A Zara informou também que apura os detalhes do que aconteceu e que lamenta o episódio, “que não reflete os valores da companhia”. Na mesma época, o Shopping da Bahia disse que o segurança descumpriu as determinações de regulamento do shopping, ao atender o pedido da funcionária da loja.
Disse ainda que não compactua com qualquer ato discriminatório, e que “incluirá as imagens deste fato nos treinamentos internos para evitar que se repitam”.
Caso
O crime aconteceu no dia 28 de dezembro. Luís mora na Bahia há sete e contou que esteve na loja da Zara em busca de uma mochila nova, que viu pela internet. Depois de encontrar a mochila que queria, ele deixou ela no caixa e saiu da loja para sacar o dinheiro.
Ao retornar para a Zara, ele fez o pagamento do objeto e então saiu com a compra e a nota fiscal, que comprava o pagamento. Com pressa, porque precisava voltar rápido para casa, na região metropolitana de Salvador, ele deixou o troco no caixa e foi ao banheiro, onde acabou abordado pelo segurança.
“Ele ficou atrás de mim. De início, eu não liguei porque não tinha ideia de que seria comigo aquilo. Aí ele chegou perto de mim e falou: ‘eu quero que você devolva agora a mochila que você roubou na loja da Zara’. Eu respondi que tinha comprado a mochila e ainda falei que tinha o comprovante, mas ele não quis ouvir e insistiu para que eu devolvesse”, contou ele, na época.
Depois disso, o segurança – que não teve identidade divulgada – tomou a mochila da mão de Luís e saiu pelo corredor.
“Eu fiquei muito nervoso e saí discutindo pelo corredor atrás dele. Quando chegamos de volta na loja, procurei o rapaz que me atendeu e perguntei a ele de quem era a mochila. O atendente respondeu que era minha, que eu havia comprado. Aí ele ficou sem jeito”, lembrou a vítima.
Mesmo com a situação explicada pelo atendente da loja e o comprovante de pagamento da mochila, o segurança se recusou a devolver a mochila para Luís.
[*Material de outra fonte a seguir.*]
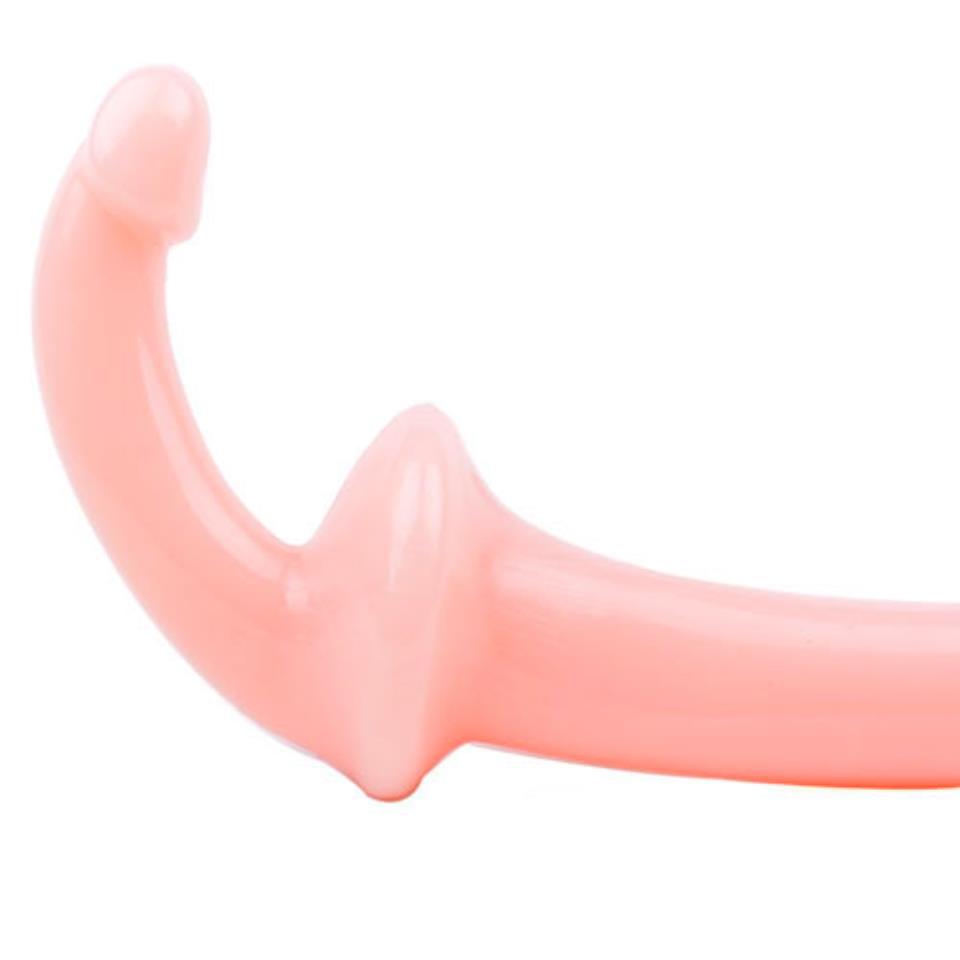 Double Fun Flesh Pink Strapless Strap On Dildo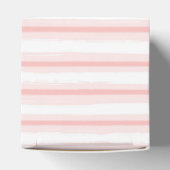 Elegant roze en witte horizontale strepen patroon bedankdoosjes (Bovenkant)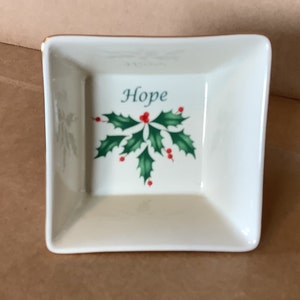 Vintage Lenox &quot;Dimension Collection - Hope&quot; Square Dish, Holly Leaves and Berries and &quot;Hope&quot;, Gold Trim.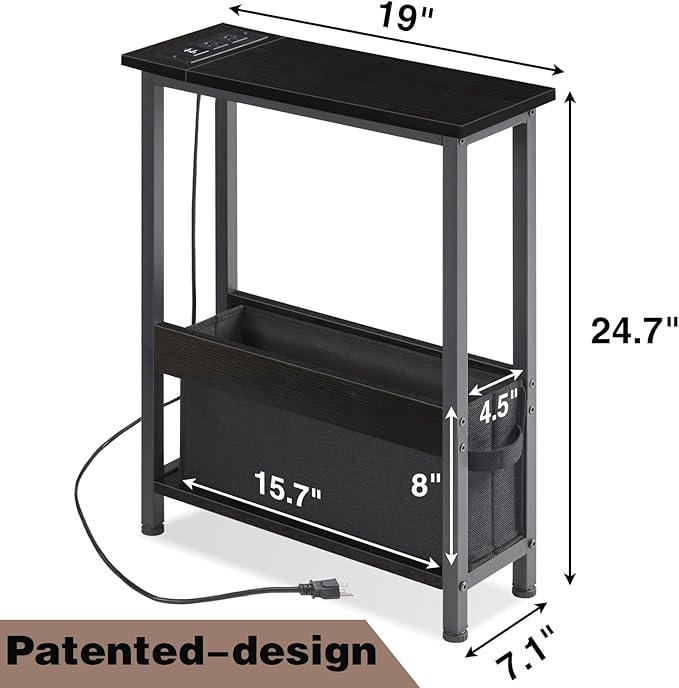 Slim Charging End Table with Storage - Image 8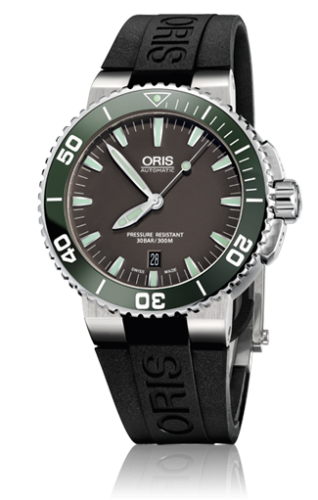 Oris - 01 733 7653 4137-07 4 26 34EB  Aquis Date 43 Stainless Steel / Grey / Rubber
“Eu puxei a mochila da mão dele e ele me ignorou, saiu andando. Eu fui atrás dele, revoltado, e pedi: ‘Quero saber quem é o seu responsável para entender o motivo desse tipo de abordagem'”.
“Aí encontrei a pessoa responsável pela segurança, e perguntei: ‘Você pode me dizer que tipo de treinamento, formação ou educação vocês dão para os seguranças? Se fosse um homem branco, ele teria coragem de entrar no banheiro e fazer isso? Me acusar de roubo, me retirar do banheiro, eu com o comprovante na mão?”.
Ainda assim, Luís relatou que foi tratado com desdém pelo responsável pela segurança. Ele então falou que sabia dos direitos dele.
“Eu falei a ele: ‘eu não sou leigo, não sou burro. Tenho graduação em Ciências Humanas, licenciatura, e faço duas pós-graduações, uma delas em Gênero e Direitos Humanos. Eu sei o que é racismo e o que você está fazendo’. Nesse momento, a fisionomia dele mudou e ele abaixou a cabeça”.
“Me senti humilhado por ser negro. Foi como se ele tivesse me matado e me deixado na rua, de qualquer jeito. Doeu muito. E em nenhum momento eles pediram desculpas. Eu cheguei em casa arrasado, com uma dor de cabeça intensa”. As informações são do g1 Bahia.